Have you recently gotten an e-mail with this subject line: “Thanks for being on time! Here’s 50% off 10 rides”?
No? Well stop making your driver wait for you.
Over the last couple months, I have found myself waking up on Monday morning, checking my email and seeing this nice little present from Uber. Unfortunately, this “token of appreciation” is doing more harm than good for Uber. And Uber is not the only company guilty of this; companies across a variety of industries are making the same mistake.
Whether it’s 50 percent off my next 10 Ubers or my bi-weekly 40-percent-off emails from Banana Republic, companies are continuously reaching for the lowest hanging fruit (AKA easiest program to implement)in an attempt to drive in revenue, all the while killing the brand tree the fruit is grown on.
Let’s walk through the process of how this discounting approach hurts companies and their brands. For the next 10 rides, I enjoy the fruit of my promptness. Trips that would normally have cost me $20 or $25 dollars are now $10-12.50 and I feel on top of the world. But then trip 11 hits. That $10 trip is now back up to $20 bucks and I hesitate to order the car. For $10 I was willing to skip the dread of the New York City Subway, but my Uber price has just doubled, so I can take the subway or even walk…
As I refresh my Uber App hoping the price has decreased, my mind is focused on how the price of this ride was just $10 yesterday. This is what psychologists call the Anchoring Effect. When applied to this scenario, the price we initially see or become used to effects our perception of future prices. I no longer want to pay full price for an Uber that is 5 minutes away when I can walk, take the subway, or hop into one of 20 yellow cabs flying past me. Coupon discounts do something extremely similar. We can all name three to four brands we would never pay full price for because we know that if we wait a couple of days, we are guaranteed to receive a discount offer.
Discounting might drive revenue in the short term, but the long-term implications are numerous.
- Discounting dilutes the perception of the brand. While not all companies or brands can say they are a luxury offering, the longer the company can hold out on discounting the better, because they won’t be unnecessarily cutting into their own profit margin.
- Discounting trains the customer to wait for e-mails, and fails to encourage customers to proactively shop or use the company’s service during non-discounted times.
- It causes customers to think the company’s ‘everyday prices’ are hyper inflated to adjust for these discount and promotional offers.
- Ultimately the company is providing a discount on its retail price when the company could be discounting off the wholesale price (I’ll explain below)

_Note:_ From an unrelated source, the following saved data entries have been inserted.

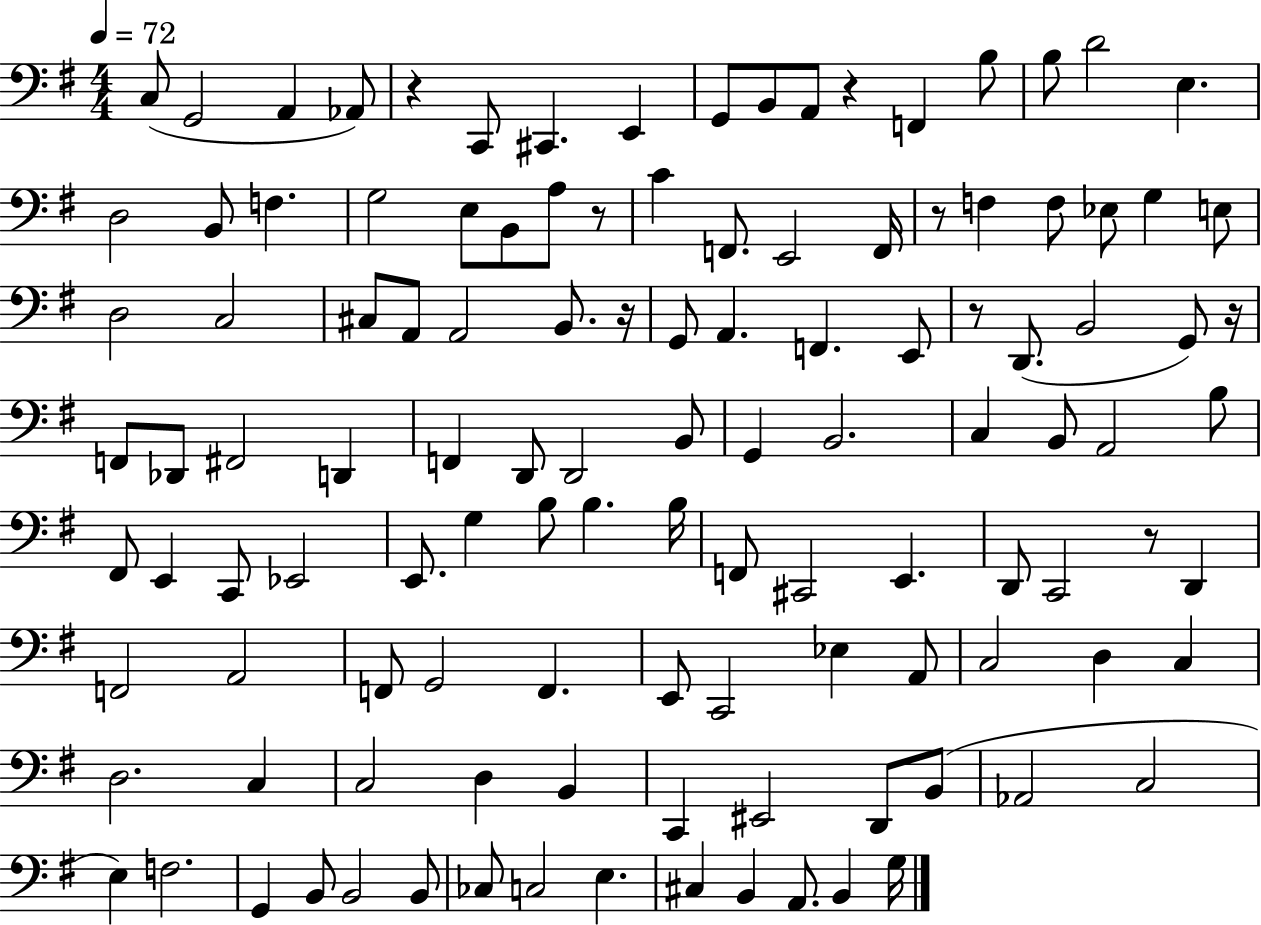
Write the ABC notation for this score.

X:1
T:Untitled
M:4/4
L:1/4
K:G
C,/2 G,,2 A,, _A,,/2 z C,,/2 ^C,, E,, G,,/2 B,,/2 A,,/2 z F,, B,/2 B,/2 D2 E, D,2 B,,/2 F, G,2 E,/2 B,,/2 A,/2 z/2 C F,,/2 E,,2 F,,/4 z/2 F, F,/2 _E,/2 G, E,/2 D,2 C,2 ^C,/2 A,,/2 A,,2 B,,/2 z/4 G,,/2 A,, F,, E,,/2 z/2 D,,/2 B,,2 G,,/2 z/4 F,,/2 _D,,/2 ^F,,2 D,, F,, D,,/2 D,,2 B,,/2 G,, B,,2 C, B,,/2 A,,2 B,/2 ^F,,/2 E,, C,,/2 _E,,2 E,,/2 G, B,/2 B, B,/4 F,,/2 ^C,,2 E,, D,,/2 C,,2 z/2 D,, F,,2 A,,2 F,,/2 G,,2 F,, E,,/2 C,,2 _E, A,,/2 C,2 D, C, D,2 C, C,2 D, B,, C,, ^E,,2 D,,/2 B,,/2 _A,,2 C,2 E, F,2 G,, B,,/2 B,,2 B,,/2 _C,/2 C,2 E, ^C, B,, A,,/2 B,, G,/4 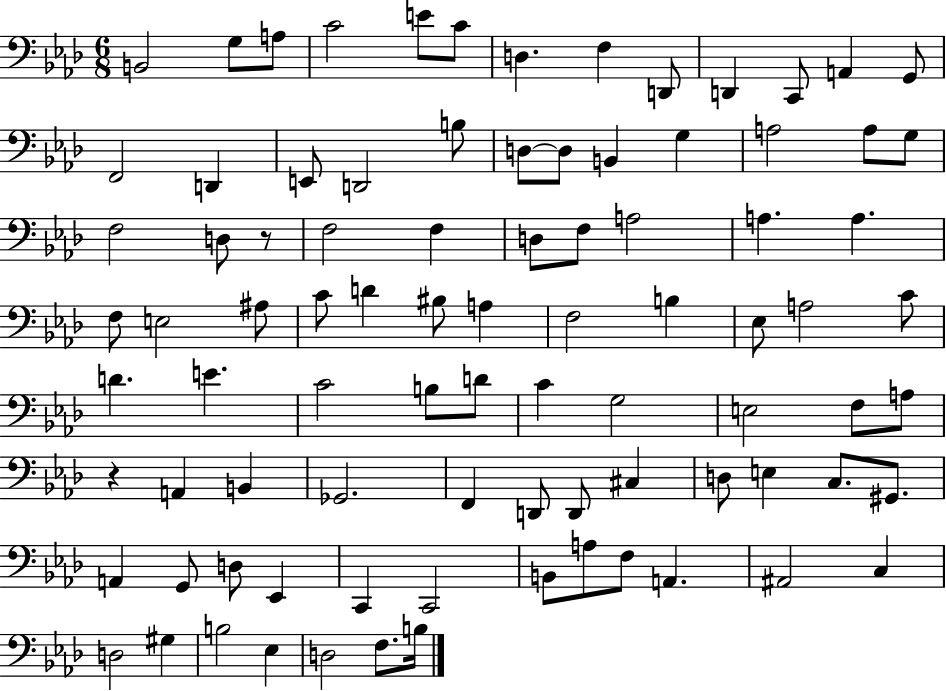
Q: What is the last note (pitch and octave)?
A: B3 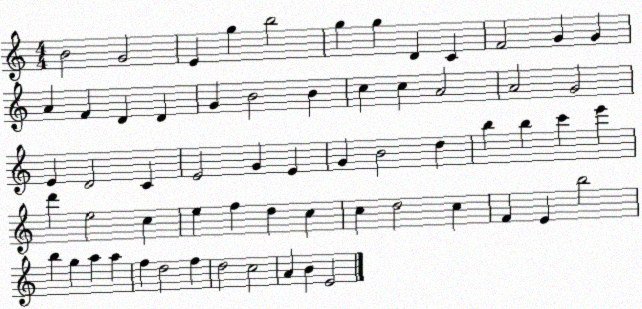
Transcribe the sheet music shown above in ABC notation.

X:1
T:Untitled
M:4/4
L:1/4
K:C
B2 G2 E g b2 g g D C F2 G G A F D D G B2 B c c A2 A2 G2 E D2 C E2 G E G B2 d b b c' e' d' e2 c e f d c c d2 c F E b2 b g a a f d2 f d2 c2 A B E2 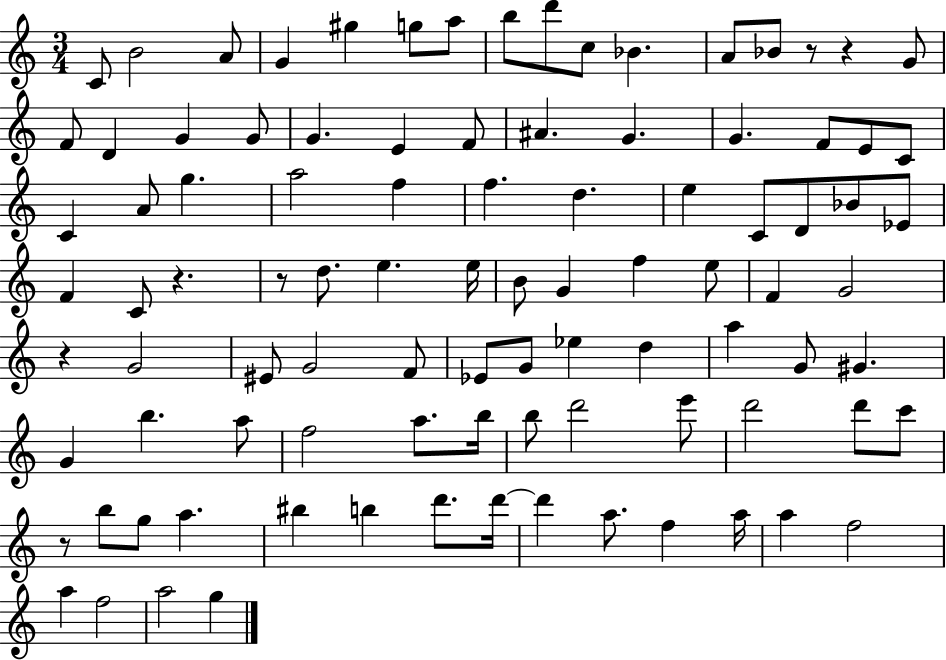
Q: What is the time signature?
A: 3/4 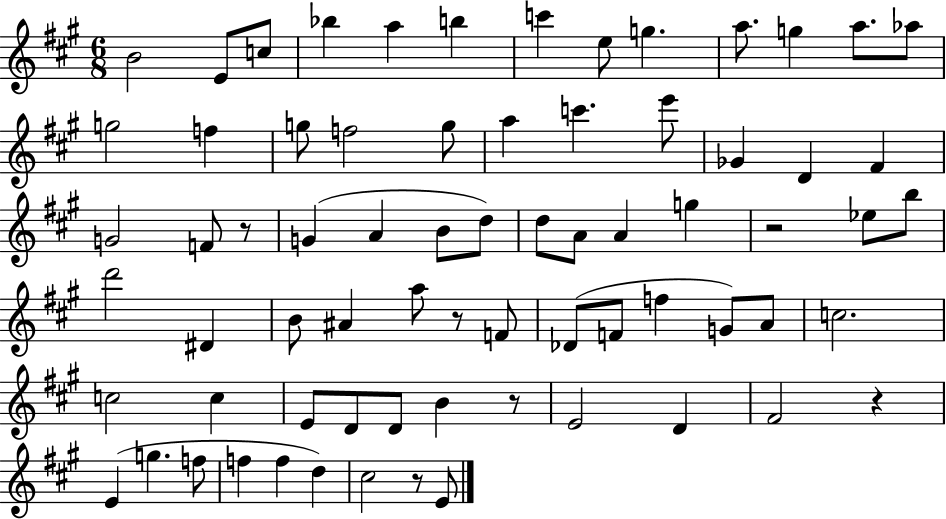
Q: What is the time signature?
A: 6/8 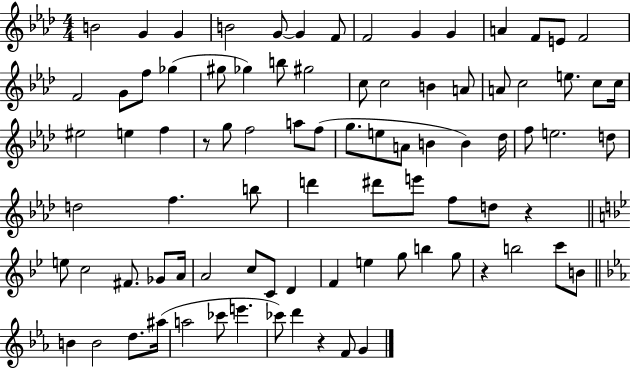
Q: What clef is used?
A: treble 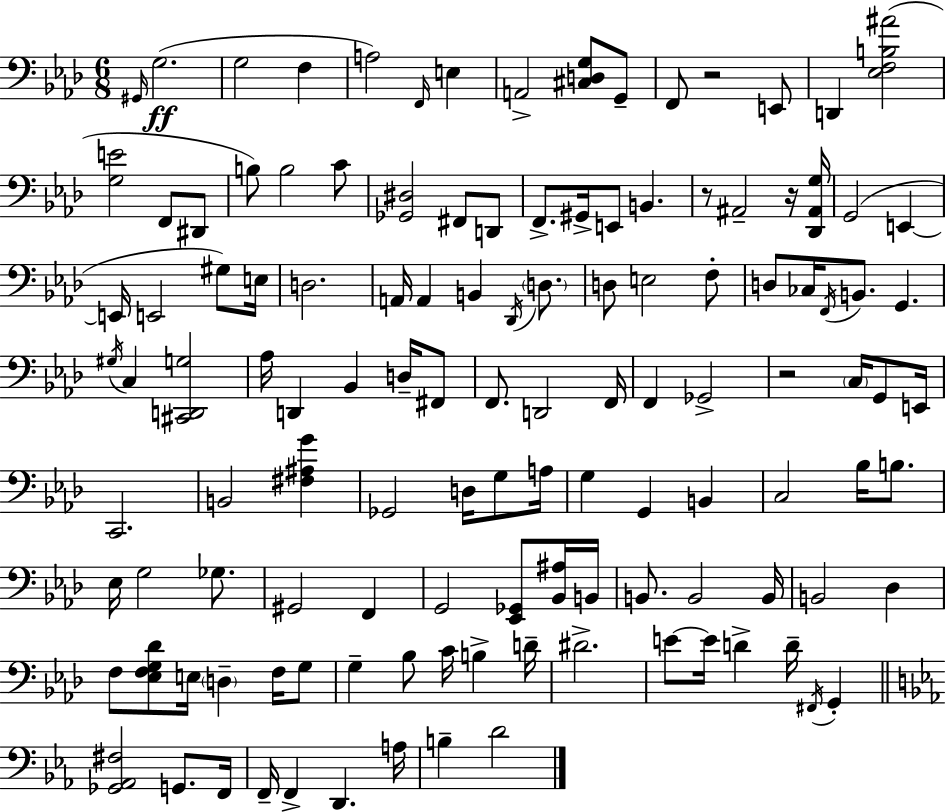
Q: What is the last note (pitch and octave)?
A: D4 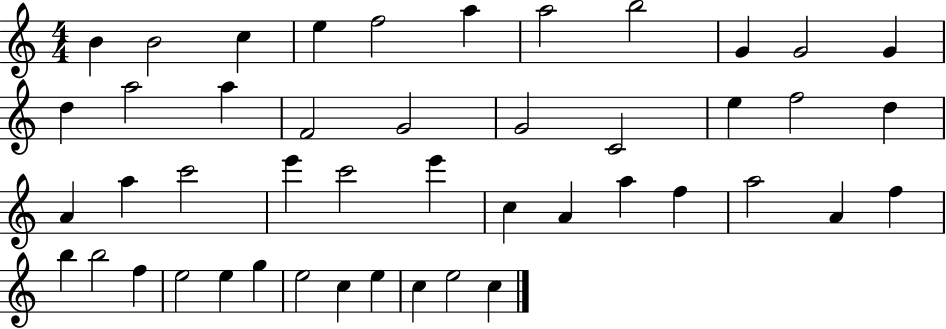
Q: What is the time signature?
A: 4/4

There are two alternatives for companies like Uber to escape the discounting and anchoring traps:
- Switch to a model that discounts on the wholesale price of an item, rather than the retail price. Instead of giving me 50 percent off my next 10 rides, Uber (or any business) can create a digital punch card. After five, seven, or 10 rides, my next ride is free. I continue to pay full price for my rides, but there is a reward at the end. Think about your favorite frozen yogurt shop. They get me to come in 10 or 12 times before giving me my next one free (capped to a certain price, to avoid abuse of the reward). When I finally earn my free FroYo, I am getting something that cost the store almost nothing, but damn does it feel good to cash in that punch card!We can use the FroYo example to prove how a punch card approach makes a company more money. Imagine that Roy’s Yogurt sends you an email that says enjoy 20 percent off your next 10 purchases. Every time you go to Roy’s Yogurt shop you spend exactly $7 on FroYo. With that 20 percent discount applied 10 times, Roy’s $70 has now become approximately $56. If Roy had instituted some kind of punch card rewards system, he would have generated the $70 from the 10 sales and given away maybe $1 worth of wholesale cost of goods of FroYo on the 11th visit.There are numerous paths a business can take with the wholesale discount, but as long as it isn’t discounting a retail price, it is in better shape than it was before!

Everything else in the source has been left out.